Dalam tulisan itu, Hatta memaparkan bagaimana sistem kapital kolonial menindas perekonomian rakyat dan mempunyai pengaruh besar terhadap hidup rakyat sehingga dengan mudah menarik perekonomian rakyat ke dalam gelombang krisis dunia.
“Sebelum modal barat masuk ke negeri kita sebagai motor perekonomian besar, rakyat Indonesia hidup dalam sederhana. Jumlah jiwanya sepadan dengan cara penghidupan sebagai bangsa tani dan sepadan pula dengan ruang tempat ia diam. Ia mempunyai penghasilan yang cukup buat dimakan, mempunyai kapal-kapal sendiri yang melayari lautan besar dan menyinggahi bandar-bandar yang jauh sampai ke Teluk Persia. Pendeknya, pertanian dan penghasilan, perdagangan dan pelayaran ada di tangan bangsa kita.”
“Akan tetapi, bangsa kasar dari barat datang sebagai saudagar ke tanah kita, cukup dengan alat senjata dan siap kalau perlu buat berperang. Dengan segera kaum saudagar tadi menjelma menjadi kaum militer. Perniagaan dan pelayaran Indonesia dimusnahkannya, pertanian rakyat dipaksa menghasilkan benda-benda yang dikehendaki oleh saudagar yang dipertuan.”

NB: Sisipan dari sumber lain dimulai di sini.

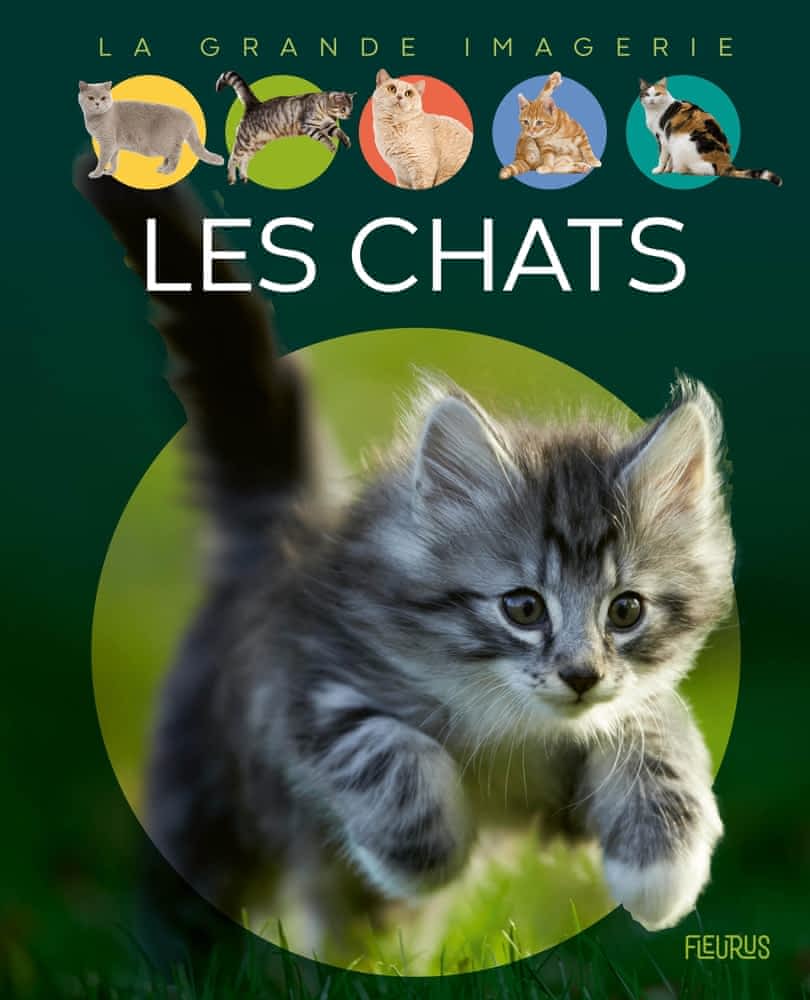 La grande imagerie - Les chats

“Tiap-tiap orang asing yang datang ke Indonesia disuruh menonton pabrik-pabrik modern yang teratur betul, yang dijalankan modal barat dan dikemudikan oleh otak dan tenaga orang putih. Kepada musafir tadi, diperlihatkan angka-angka yang menyatakan besarnya produksi perusahaan barat itu, dan membuktikan artinya bagi perekonomian dunia.”
“Kemudian diperingatkan pula kepadanya, bahwa dunia barat nanti tidak akan dapat minum kopi dan teh, tidak akan makan gula dan obat kina dan lain-lainnya, jika sekiranya perusahaan barat itu lenyap dari Indonesia. Dan untuk menjaga keselamatan perusahaan-perusahaan itu haruslah pemerintahan kolonial kekal di Indonesia. Kalau Indonesia jadi merdeka, demikianlah kata kaum kapitalis barat, maka hal itu akan membahayakan perusahaan barat di Indonesia.”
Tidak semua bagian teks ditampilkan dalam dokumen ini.